Али внес свою лепту в раскрутку боя, завлекая туристов принять участие в его африканском приключении. Каждый день он разговаривал с репортерами в Дир-Лейк и даже позволил им присоединиться к его утренним пробежкам, в ходе которых он пробегал три или четыре мили вдоль Плезант-Тайн-роуд. Он стал называть свой лагерь «раем для боксера», потому что здесь у него было все что нужно. Это был ашрам, священное место с лидером, пророком и гуру Али во главе.
Ряды спарринг-партнеров Али пополнил многообещающий молодой боец из Пенсильвании по имени Ларри Холмс. Каждый день фанаты приходили в Дир-Лейк, чтобы посмотреть, как боксер прыгает на скакалке и лупит по боксерской груше. Желающие развлечься могли без труда найти наркотики и проституток на территории лагеря. В этом месте наглядно прослеживались изменения, происходящие в американской культуре 1970-х. Журналист Том Вулф окрестил эту эпоху «эгоцентричным десятилетием». Как писал историк Томас Борстельман, «сердце американской культуры заняли самосовершенствование, самовыражение, самоудовлетворение и потакание своим желаниям в ущерб ценностям, ориентированным на пользу общества». Казалось, что радужные надежды 1960-х были смыты волной цинизма, оставив после себя лишь море доступного секса и наркотиков.
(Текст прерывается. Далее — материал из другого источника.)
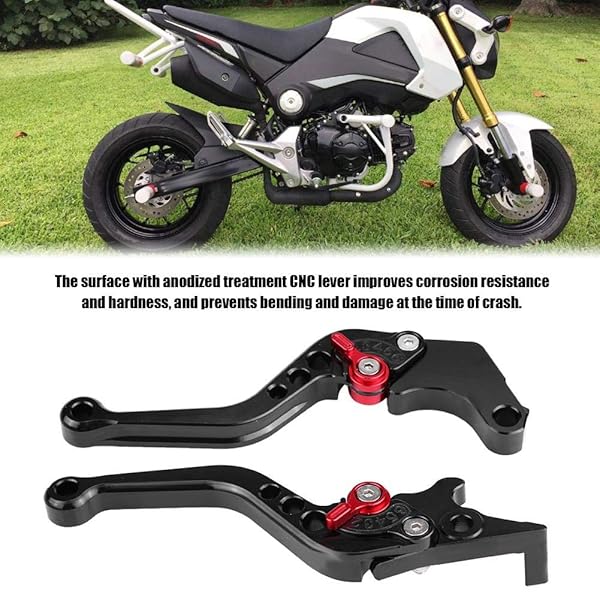Aramox Aramox Short Brake & Clutch Lever for Honda Grom MSX125 (2013-2018) - Black Motorcycle Handle - View 4 of 7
Если десятилетие и правда было «эгоцентричным», то Али прекрасно в него вписывался. Самовыражение, самоудовлетворение и потворство своим желаниям с самого начала были ярчайшими чертами его характера. Даже на фоне предсказаний журналистов о разгромном проигрыше Али публичное поведение бывшего чемпиона оставалось неизменным, а его уверенность никогда не ослабевала.
В интервью Деву Киндреду, репортеру из Луисвилла, он объяснил причину своей уверенности. «Раунд первый – дин-дон! – я несусь на него – бум, бум! – я встряхну и обведу его вокруг пальца. Он был младенцем, когда я победил Сонни Листона десять лет назад. Они говорят: “Сколько Али продержится против Джорджа Формана?” А я говорю: “Сколько Форман продержится против Али?” Говорят, что я не умею бить. Но разве меня когда-нибудь останавливали? Мне отдавали должное за мою скорость? Это все чушь собачья. Он просто молокосос. Ноль опыта, ноль скорости. Это оскорбляет меня, мое величие. Ему предстоит сразиться не с Джо Фрейзером, ему предстоит сразиться с Мухаммедом Али – я величайший боец всех времен».
В ходе того же интервью Киндред спросил, жалеет ли Али о чем-нибудь. Если бы у него была возможность прожить жизнь заново, хотел бы он что-нибудь поменять?
Самоанализ не был любимым занятием Али, но боксер на момент задумался, прежде чем ответить: «Я не стал бы говорить все эти вещи про Вьетконг. Я бы как-нибудь иначе разобрался с военным призывом. Незачем было ставить на уши столько людей». Он сказал, что гордился своим решением отказаться от военной службы. Его единственным сожалением были «вещи, сказанные про Вьетконг».